# Profitable App Profiles for the App Store and Google Play Markets

Our _goal_ for this project is to analyze data to help our developers understand what type of apps are likely to attract more users on Google Play and the App Store. To do this, we'll need to collect and analyze data about mobile apps available on Google Play and the App Store.

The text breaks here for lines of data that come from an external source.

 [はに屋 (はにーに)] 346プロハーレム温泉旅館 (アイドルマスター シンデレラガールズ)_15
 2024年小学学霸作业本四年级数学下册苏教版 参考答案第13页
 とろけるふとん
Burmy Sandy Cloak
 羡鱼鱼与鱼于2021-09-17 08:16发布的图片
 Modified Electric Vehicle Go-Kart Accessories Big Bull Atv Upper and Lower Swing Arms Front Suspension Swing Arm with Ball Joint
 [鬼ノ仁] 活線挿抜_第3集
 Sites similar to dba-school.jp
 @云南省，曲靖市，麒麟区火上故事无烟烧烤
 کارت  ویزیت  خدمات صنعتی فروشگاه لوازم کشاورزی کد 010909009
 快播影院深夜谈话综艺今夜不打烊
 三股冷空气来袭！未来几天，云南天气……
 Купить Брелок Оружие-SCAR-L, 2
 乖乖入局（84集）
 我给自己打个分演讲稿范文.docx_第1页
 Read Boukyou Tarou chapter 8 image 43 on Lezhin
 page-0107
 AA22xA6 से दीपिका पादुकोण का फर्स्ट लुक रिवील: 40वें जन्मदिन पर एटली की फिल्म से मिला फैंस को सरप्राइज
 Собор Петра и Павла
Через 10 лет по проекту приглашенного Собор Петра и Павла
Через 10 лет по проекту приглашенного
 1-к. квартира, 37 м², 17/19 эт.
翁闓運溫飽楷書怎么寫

As of September 2018, there were approximately 2 million iOS apps available on the App Store, and 2.1 million Android apps on Google Play.

## Datasets
- A data set containing data about approximately ten thousand Android apps from Google Play. You can download the data set directly from [this link](https://dq-content.s3.amazonaws.com/350/googleplaystore.csv).
- A data set containing data about approximately seven thousand iOS apps from the App Store. You can download the data set directly from [this link](https://dq-content.s3.amazonaws.com/350/AppleStore.csv).


In [1]:
from csv import reader

# read Apple Store
opened_ios = open('AppleStore.csv')
read_ios = reader(opened_ios)
ios = list(read_ios)
header_ios = ios[0]
ios = ios[1:]
# read Google Play Store
opened_android = open('googleplaystore.csv')
read_android = reader(opened_android)
android = list(read_android)
header_android = android[0]
android = android[1:]

## Opening and exploring the data
- To make them easier for you to explore, we created a function named explore_data() that you can repeatedly use to print rows in a readable way.
- Print length of both datasets
- Print column names (aka headers) for both datasets
- Print 3 first rows of both datasets

In [2]:
def explore_data(dataset, start, end, rows_and_columns=False):
    dataset_slice = dataset[start:end]    
    for row in dataset_slice:
        print(row)
        print() # adds a new (empty) line after each row

    if rows_and_columns:
        print('Number of rows:', len(dataset))
        print('Number of columns:', len(dataset[0]))
        
#exploring ios dataset       
print('Apple Store dataset includes', len(ios), 'rows', '\n')
print('Column names are: ', header_ios, '\n')
explore_data(ios, 0, 3, False)

#exploring android dataset
print('Google Play Store dataset includes', len(android), 'rows','\n')
print('Column names are: ', header_android)
explore_data(android, 0, 3, False)

Apple Store dataset includes 7197 rows 

Column names are:  ['id', 'track_name', 'size_bytes', 'currency', 'price', 'rating_count_tot', 'rating_count_ver', 'user_rating', 'user_rating_ver', 'ver', 'cont_rating', 'prime_genre', 'sup_devices.num', 'ipadSc_urls.num', 'lang.num', 'vpp_lic'] 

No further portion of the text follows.